Hyzon: More Capital Required To Execute On Amended Business Model – Sell
Summary:
- Hyzon Motors Inc. reported another set of quarterly results without any product revenue recognition and sizeable cash burn.
- As of July 31, liquidity was down to $158 million. Based on management’s cash burn projections, Hyzon would be required to raise additional capital in H2/2024.
- Following the receipt of a previously undisclosed Wells Notice in June, the company has accrued a $22 million loss contingency to account for a potential settlement.
- Adding insult to injury, Hyzon also disclosed a new supplier lawsuit which has resulted in the suitor obtaining an attachment covering Hyzon Europe’s bank accounts.
- While market participants’ increased risk appetite has resulted in Hyzon recently regaining compliance with Nasdaq’s $1 minimum bid price requirement, I would strongly advise investors to avoid the shares until the company has raised sufficient capital to execute on its plans.
Note:
I have covered Hyzon Motors Inc. (NASDAQ:HYZN) previously, so investors should view this as an update to my earlier articles on the company.

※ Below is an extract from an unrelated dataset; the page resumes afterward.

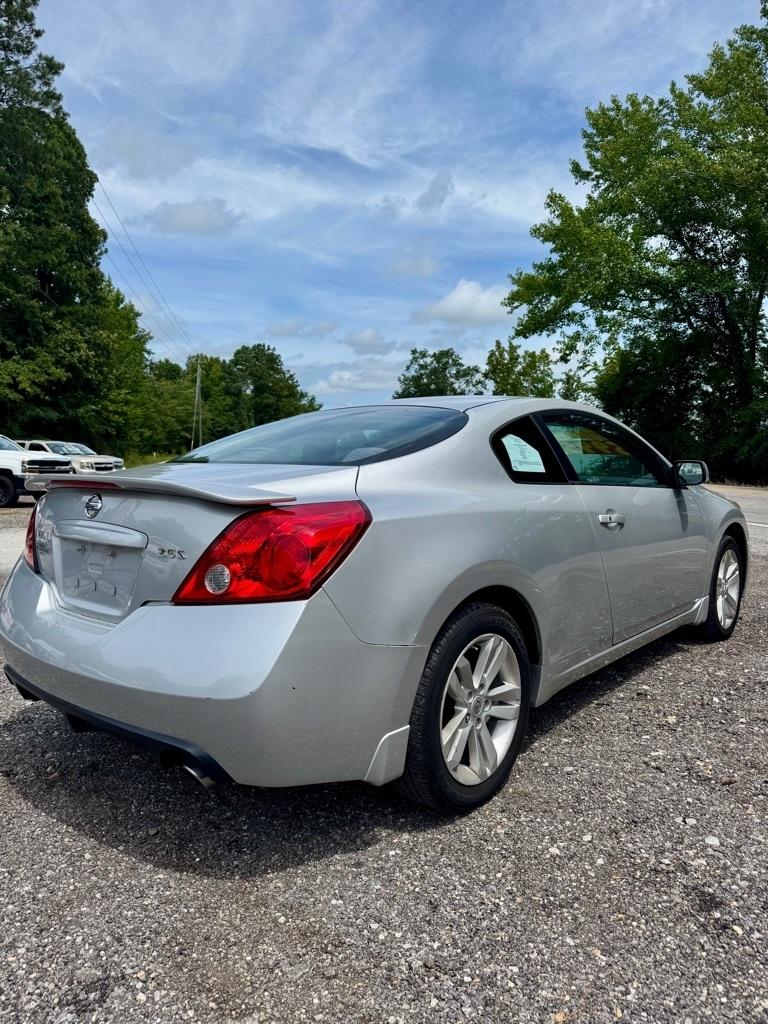 Nissan Altima 2dr Cpe I4 2.5 S 2013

Two months ago, I discussed Hyzon Motors Inc.’s recent efforts to revitalize the company following severe disruptions caused by short report allegations and a related SEC investigation as well as an internal investigation into revenue recognition, corporate governance, and internal control issues.
On Tuesday, August 8th, Hyzon released second quarter 2023 results and subsequently filed its quarterly report on form 10-Q with the SEC.
As it has been the case for several quarters now, Hyzon did not recognize any product revenue but continued to burn sizeable amounts of cash:
As of July 31, liquidity was down to $158 million. Based on management’s cash burn projections, the company would be required to raise additional capital in the second half of next year:
Keep in mind that expectations for cash usage do not include a likely, material settlement payment to the SEC following the previously undisclosed receipt of a Wells Notice in June (emphasis added):
On June 13, 2023, the Company received a “Wells Notice” from the SEC Staff, informing the Company that the SEC Staff had made a preliminary determination to recommend that the SEC file a civil enforcement action against the Company alleging violations of certain provisions of the Securities Act of 1933 and the Securities Exchange Act of 1934. (…)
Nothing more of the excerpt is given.